The blessings of God are free as well. “Freely, you have received”, says Jesus. We are offered the free gift of eternal life through Jesus and his work on the cross. Forgiveness, reconciliation, salvation, the gift of the Holy Spirit. All free. That is the amazing offer available to people in Christian faith.

However, it would be a huge error to think that because these things are free they are cheap. Often we equate the two. It would be a mistake to think that because God freely gives, we can do what we like, and there is no consequence. God’s gifts may be free, but they are not cheap.

It was the German writer Dietrich Bonhoeffer who came up with the expression ‘costly grace’. He contrasted this with ‘cheap grace’. Cheap grace , he said, was grace without actual life change. It was faith without repentance, belief without consequent action, grace without discipleship. Such cheap grace was really no grace at all and left us where we were.

By contrast, he says that costly grace recognises the cost of our salvation and freedom. It recognises the call to die to self and to live a new life.
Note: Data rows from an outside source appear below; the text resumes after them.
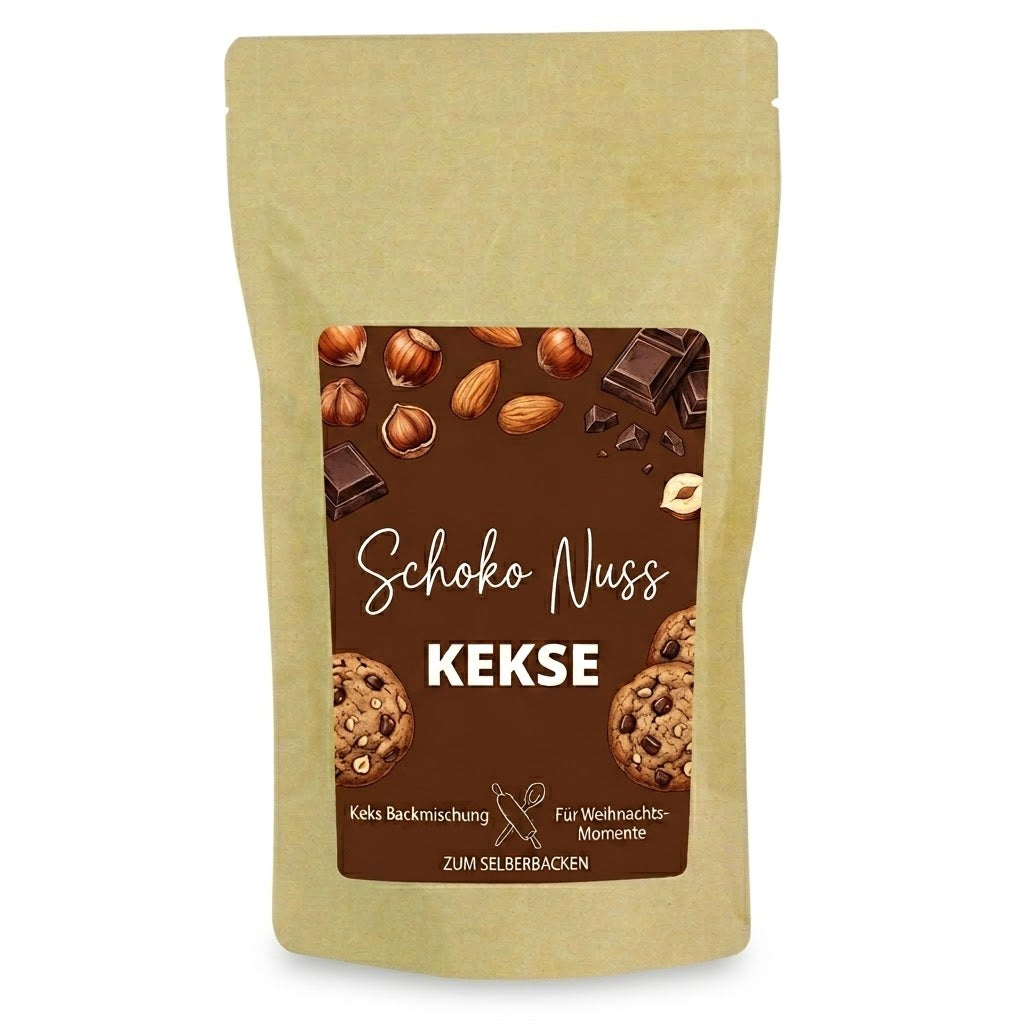Backmischung Schoko Nuss Kekse im Papierbeutel 300 g mit Logo – Beispielmotiv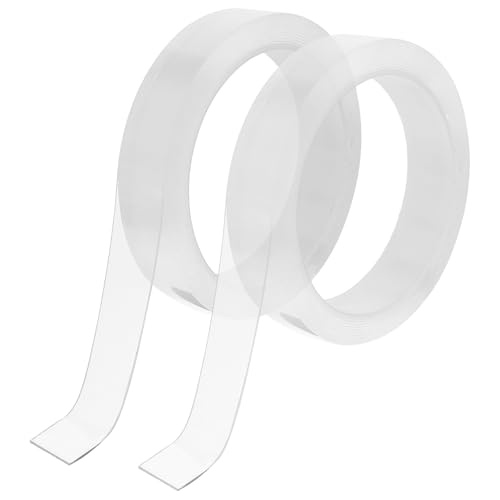 2 Rolle Doppelseitiges Klebeband Extra Starkes Nano Tape Transparent Doppelklebeband Doppelseitige Abwaschbares Klebebands Beidseitiges Ablösbar Double Sided Tape Für Teppich Zuhause Oder Büro von FdcLixuvol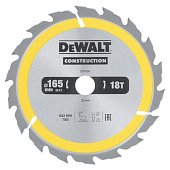 DeWALT Диск пильный CONSTRUCTION, 165х20 мм, 18z (ATB) + 20 град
It recognises the on-going call to deny ourselves, take up our cross and follow Jesus. As Bonhoeffer starkly put it, “when Christ calls a man, he bids him come and die”.

In our comfortable society it is easy to become self-satisfied. It is easy to take faith for granted while we simply get on with living however we want to live. Bonhoeffer reminds us, indeed Jesus tells us, that true discipleship always bears a cost. Indeed, so many of those early disciples paid with their very lives. Many are still doing so.

In our world today, where so many give their lives for a delusional cause, destroying or blowing others up in the process, what’s the price for us in serving Christ? To what extent am I prepared to give myself to the cause of Christ’s redemptive love? Or am I content to sit back as a spectator or armchair critic of what others are doing?

Yes, the best things in life are indeed free, but they do not come without cost or responsibility. May we be as dedicated to the gospel of Christ in our day, as many in our world are dedicated to a cause of terror.